Whether it’s on a spelling quiz in elementary school or an essay for a college class, the sight of an “F” at the top of your paper can be equally demoralizing.
What sets people apart, however, comes from how one responds to that “F”.
Do you get discouraged and resign yourself to the fact that “spelling just isn’t your thing?”
Or do you take it as a challenge to practice more and improve?
Time and time again, research has proven that students and individuals that choose the latter attitude will perform better in school and beyond. This is called having a “growth mindset”.
What is a growth mindset?
A growth mindset is one in which people believe that all skills and abilities can be developed through hard work.
A fixed mindset, on the other hand, assumes that people are born with or without given skills and abilities. Individuals with fixed mindsets believe that some people are good at math, and others are not. Some people are smart, and others are dumb.
The beauty of a growth mindset is that students who possess this outlook on ability often have a love of learning and a great deal of perseverance.
Students with a growth mindset are more likely to face a challenging academic task with optimism, knowing that doing hard work will help make their brain stronger.
So how can you foster a growth mindset in your classroom? Read on for some ideas on how to harness the power of “not yet” with your own students.

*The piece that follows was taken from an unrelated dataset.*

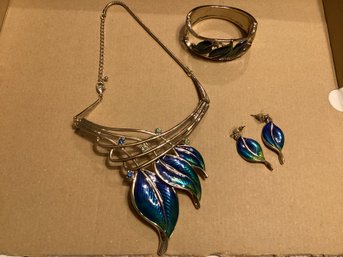 Vintage Jewelry Set Necklace Earrings Bracelet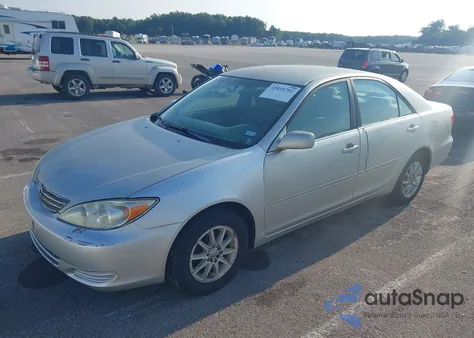 2002 Toyota Camry Le/Xle/Se из США, поврежденный, VIN 4T1BE32K62U050080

How to help students develop a growth mindset
Teach students how the brain works. Just like other muscles in your body, the more you exercise the brain in new and different ways, the stronger it will get. This isn’t just a theory, it’s science! Having your students read about how this process works in the brain will invest them in the process.
Praise Actions Not Traits
When promoting a growth mindset, rethink how you praise students in the classroom. “You’re so smart,” sends students the message that smart is a fixed condition that students either have or they don’t. Instead, praise students for their effort, resilience, or optimism in the face of a challenging task.

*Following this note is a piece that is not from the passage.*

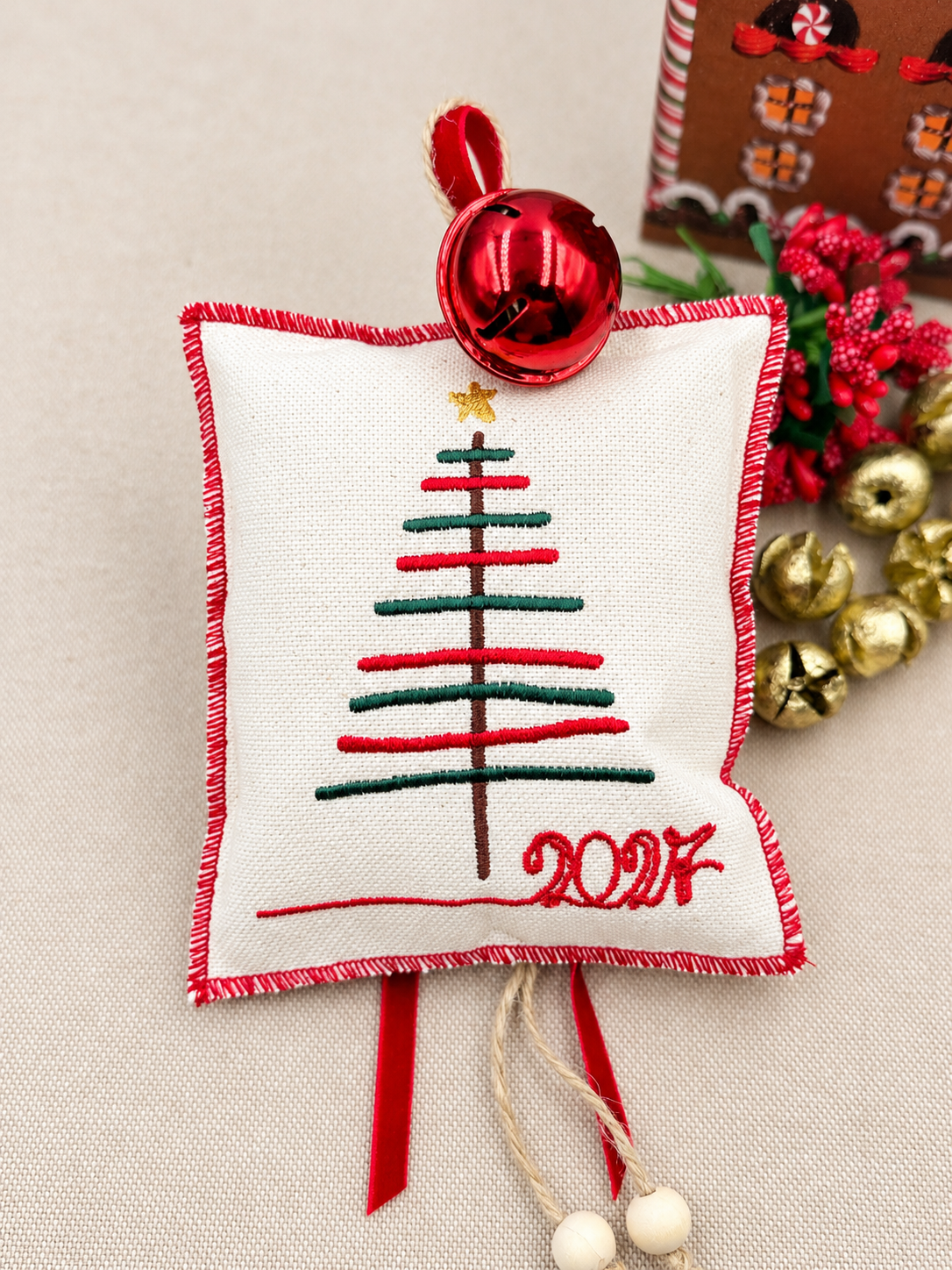 Γούρι/Στολίδι 2027 Με Κεντημένο ''Christmas Tree''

Instead of always celebrating top performers when it comes to an assignment or assessment, celebrate those students who’ve shown the most growth. This signals to kids that the process of learning is just as important as the outcome.
Use the Word “Yet”
One high school in Chicago gives students who did not achieve a passing mark in a course the grade “not yet”, instead of an “F”.
While unconventional, this mark signifies to students that the journey of their learning isn’t over. Instead of signaling that students had a chance to master something and they failed, “not yet” merely shows that they haven’t reached mastery but are on their way there.

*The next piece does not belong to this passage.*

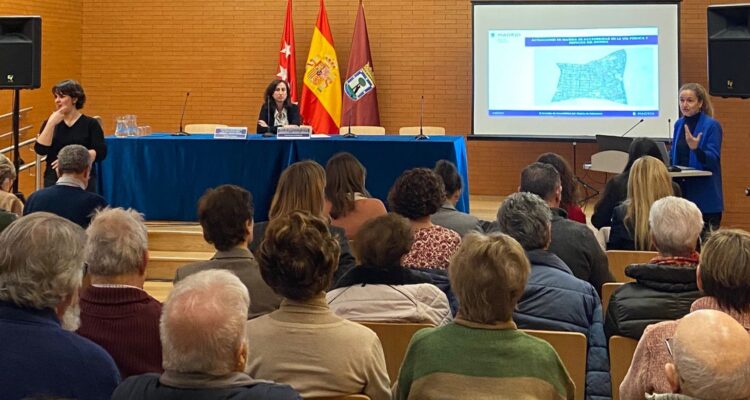 Una de las ponencias de las III Jornadas de Accesibilidad del distrito de Salamanca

This practice is one of many strategies used by the school to help promote a growth mindset in students.
Provide Opportunities for Revision
Build in systems in your classroom that permit students to improve upon the work they’ve already done. Maybe you have students pair up and peer edit creative essays before rewriting or allow students to do test corrections. You want to show students that nothing is ever perfect, and the process of improving is a great opportunity to learn.
Change Your Common Language
Rephrase the way you introduce tasks and assignments. An “exam” sounds intimidating and final. Instead, refer to assessments as “opportunities to show what you’ve learned so far” (“so far” implying that the learning isn’t done).
Developing a growth mindset is potentially one of the most powerful tools that teachers can use to help students become academically successful lifelong learners. There’s no doubt that students will face failures on the route to mastery, but a growth mindset will help them seize these failures as the learning opportunities they should be.